Expressing unhappiness over decline in the value of Rupee, Finance Minister P Chidambaram today said there was no need for panic.

No need for panic on Rupee' dip, RBI will take necessary action: FM

NEW DELHI: Finance minister P Chidambaram has called for an end to panic in the currency market pointing out that currencies all over the world are plunging. The government and RBI, he said, would act to stabilise the situation.

"We are watching the situation. RBI will take whatever action it has to take. We will (do) whatever has to be done," Chidambaram told reporters. "My request is you should not react in panic. It's happening around the world," he said.

His assurances seemed to work.

The Indian currency touched 59.98 against the dollar in intra-day trading before rebounding to close higher at 59.27 while Sensex closed 55 points higher after erasing early morning losses.

Most emerging market currencies have depreciated sharply against the dollar following concerns that the US Federal Reserve could start winding down its monetary stimulus soon. The rupee has been worsening because of the country's large current account deficit, which touched a record high of 5% of GDP last financial year. "We are unhappy (over) what's happening...But that's an impact that every currency in the world (is facing) because of certain announcements made by the US Federal Reserve," Chidambaram said.Analysts expect the Indian rupee to weaken further in the near term, as foreign investors are expected to pull out funds from emerging markets to invest in developed market bonds and equities, which look like better investments.

On June 21, foreign institutional investors net sold $870 million worth of bonds and stocks.

Chidambaram said the market had misunderstood US Federal chief Ben Bernanke's statement.

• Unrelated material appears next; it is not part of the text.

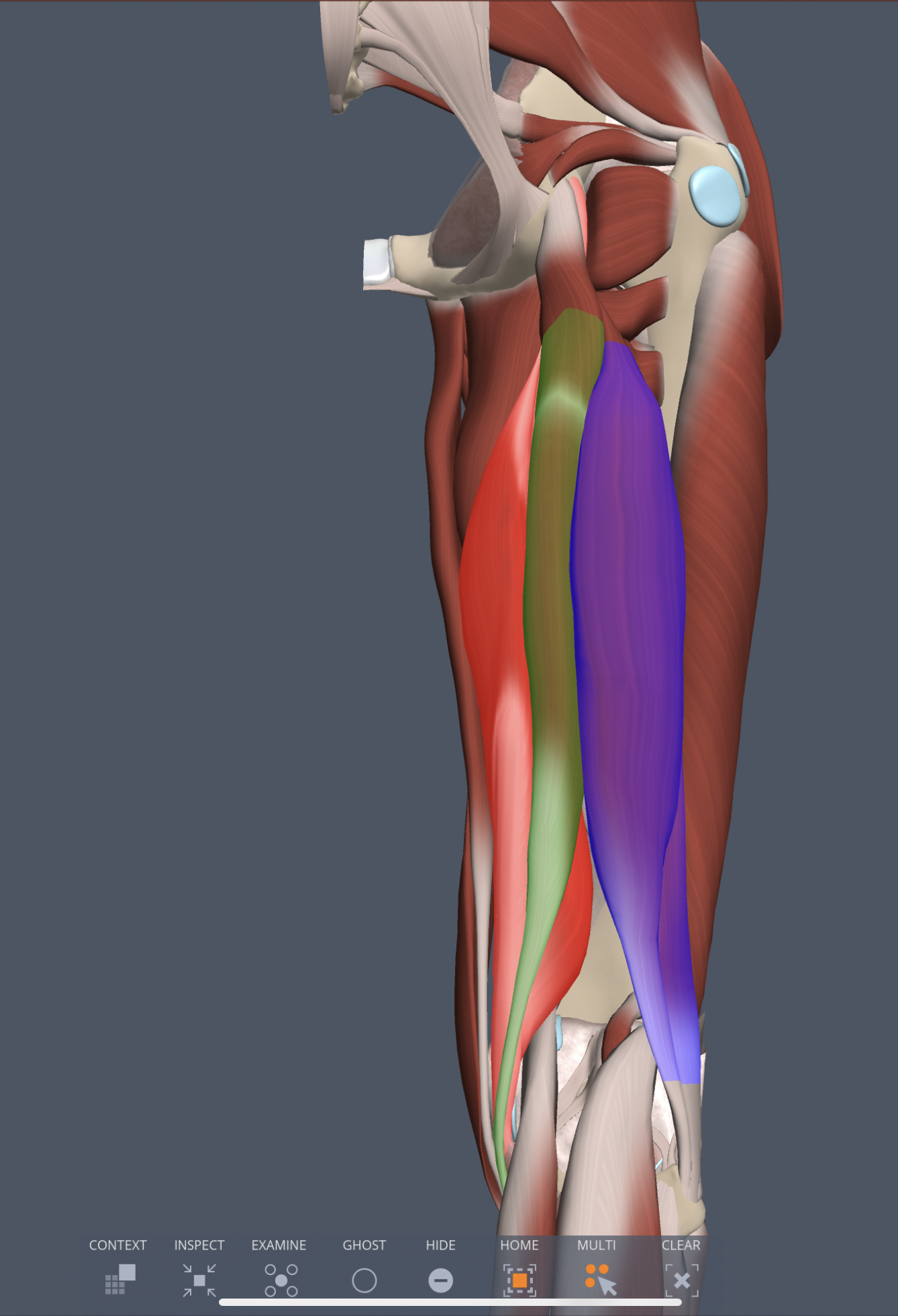 biceps femoris (posterior thigh) action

"It is my view that just as Mr Bernanke's statement was misunderstood a month ago, yesterday's statement (too was) being misunderstood," Chidambaram said adding that why should there be sell off in all the markets. "Obviously that money which is being pulled out from all emerging markets will ultimately have to find a place," he said.

FDI review in July

The Union Cabinet is likely to consider the proposal to increase foreign direct investment limits in various sectors in the third week of July. "FDI cap review may come up before Cabinet in third week of July," Chidambaram said in reply to a question on increase in FDI ceilings.

The government is looking to ease restrictions on FDI in a bid to attract capital flows to fund the large current account deficit.

A committee headed by economic affairs secretary Arvind Mayaram earlier this week proposed significant relaxation in FDI regime, including higher sectoral limits in many sectors, including defence, multi-brand retail and telecom.

The committee has suggested that the FDI limit be raised to 49% in almost all sectors through automatic route. At present only 26% FDI is permitted in defence. It has also suggested increase in FDI cap for the multi-brand retailing sector to 74%.